[Scraped caption text data]
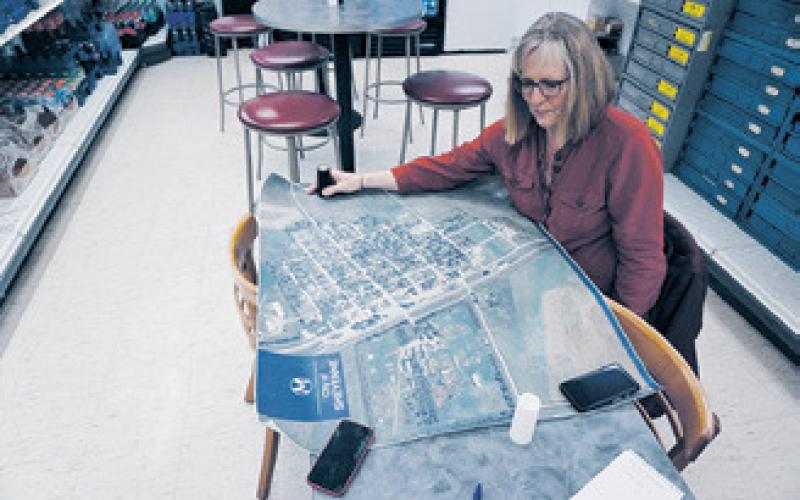 Patti Larson displays a map of the town of Sheyenne at a back table at Route 281 Repair and Convenience on Feb. 13, 2023. Photo by Michael Standaert.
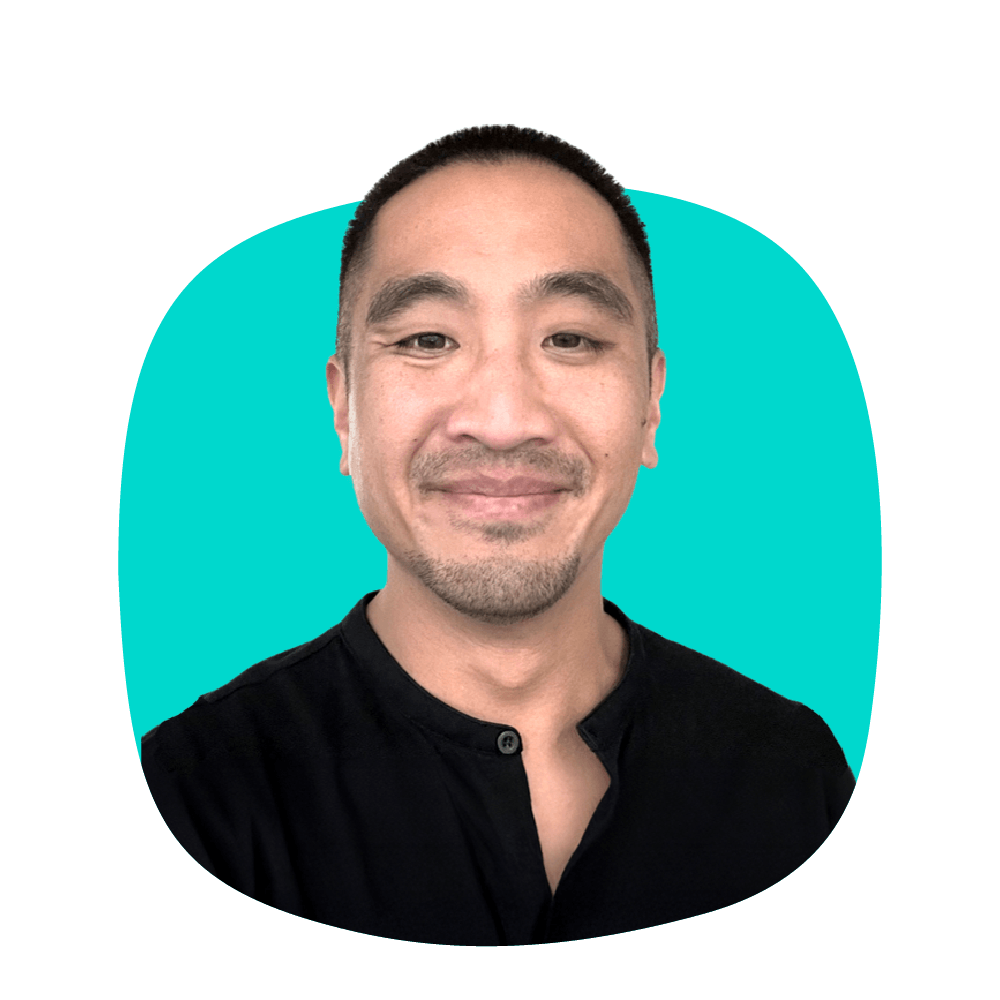 Jason Rahlan headshot on yellow shape
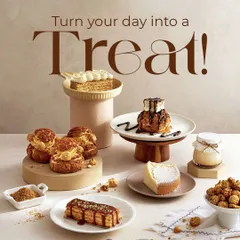 Turn your day into a treat with this spread of my gourmet desserts. The photo features a variety of pastries including eclairs, choux buns, cheesecake, and other single-serving delights available at the cafe.
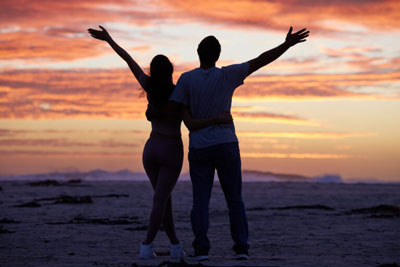Silhouetted couple, sunset in the background. Silhouetted couple, sunset in the background.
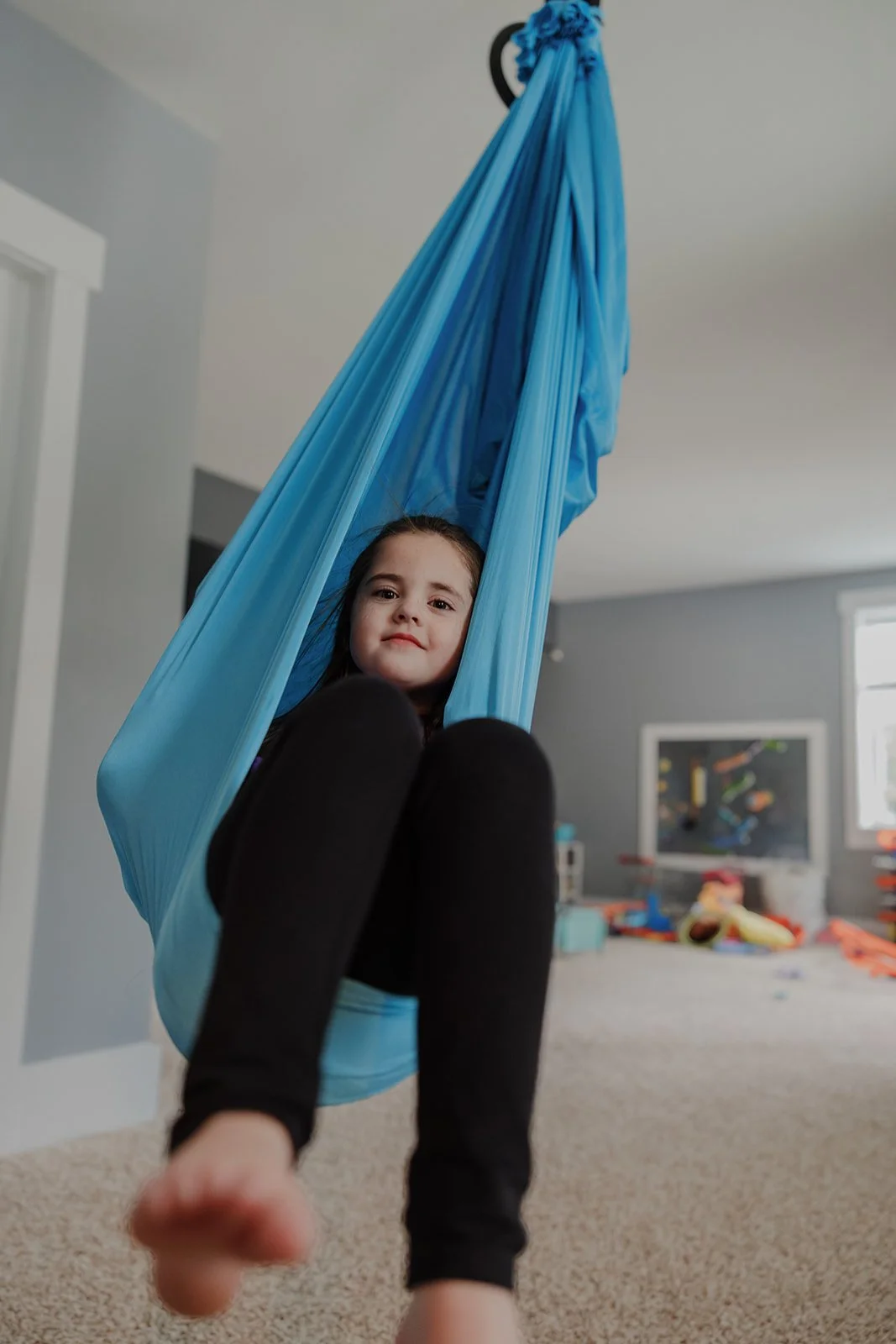 Child relaxing in a blue aerial sensory swing during an in-home family photo session in Wake Forest, NC.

▸ **WORK ORDER**
Working from the line containing "Jason Rahlan headshot on yellow shape" to the last line of the data, retype every line exactly, both ends included, and leave out all pictures.

▸ **ANSWER TO THE PROBLEM**
 Jason Rahlan headshot on yellow shape
 Turn your day into a treat with this spread of my gourmet desserts. The photo features a variety of pastries including eclairs, choux buns, cheesecake, and other single-serving delights available at the cafe.
Silhouetted couple, sunset in the background. Silhouetted couple, sunset in the background.
 Child relaxing in a blue aerial sensory swing during an in-home family photo session in Wake Forest, NC.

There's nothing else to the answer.